John Dwyer e i suoi, invece, cercano di mandarti su un altro piano dell’esistenza tramite i rilasci di tensione: tirano le minelle garage come hanno sempre fatto, certo, ma sanno anche benissimo quando entrare in groove e tirare avanti minuti e minuti i loro pezzi prima di farli riesplodere—e quindi far riempire di sabbia le scarpe e le bocche del loro pubblico, impegnato in una serie di crowdsurfing da fare invidia a un concerto degli Hatebreed.

L’atmosfera di Beaches Brew è unica, in Italia. Siamo un paese in cui “festival” è mettere delle band su un palco in un posto non accogliente per qualche giorno di fila, siamo invitati ad andarcene subito appena l’headliner è finito, il parcheggio costa decine di euro e nessuno ha davvero voglia di conoscere cose e persone che non conosce.
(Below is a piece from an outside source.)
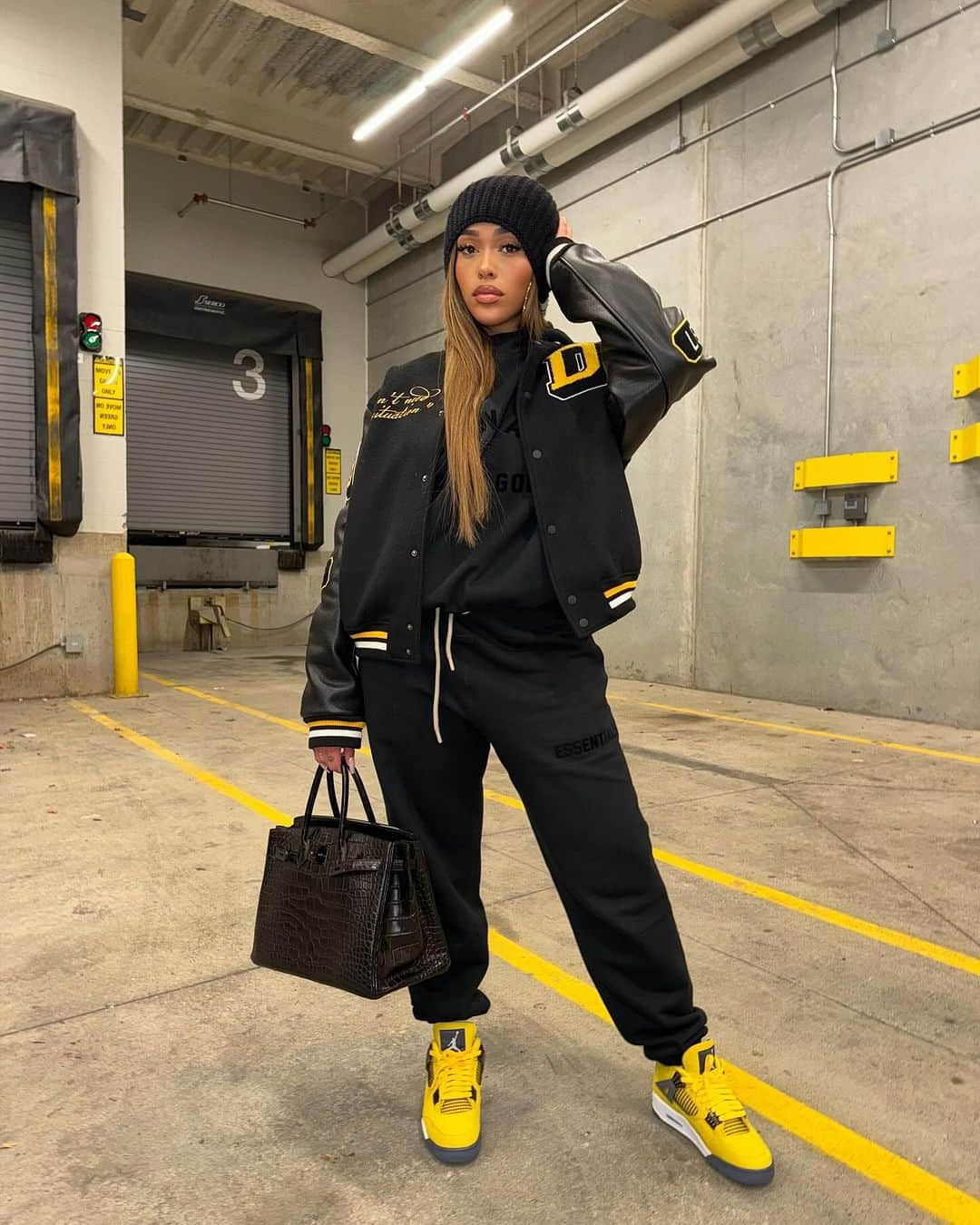 ジョーディン・ウッズさんのインスタグラム写真 - (ジョーディン・ウッズInstagram)「A sample from the @woodsbyjordyn archive that @karltowns and I collaborated on.. I’m actually obsessed with this letterman.. should we produce this!?  Also bringing something other than clothing to @woodsbyjordyn this holiday season.. 😉 ALSO Black Friday sale coming this week, 35% off and a free HAT with purchase over $150🤍」11月22日 10時08分 - jordynwoods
Sulla spiaggia di Marina di Ravenna, invece, potete tranquillamente essere approcciati da tedeschi brilli a metà pomeriggio che vi offrono una Moretti, giocare a Twister sulla sabbia e vincere cose, conoscere i musicisti che suonano semplicemente camminando verso di loro. È una risorsa preziosa, molto più di quanto possiamo immaginare.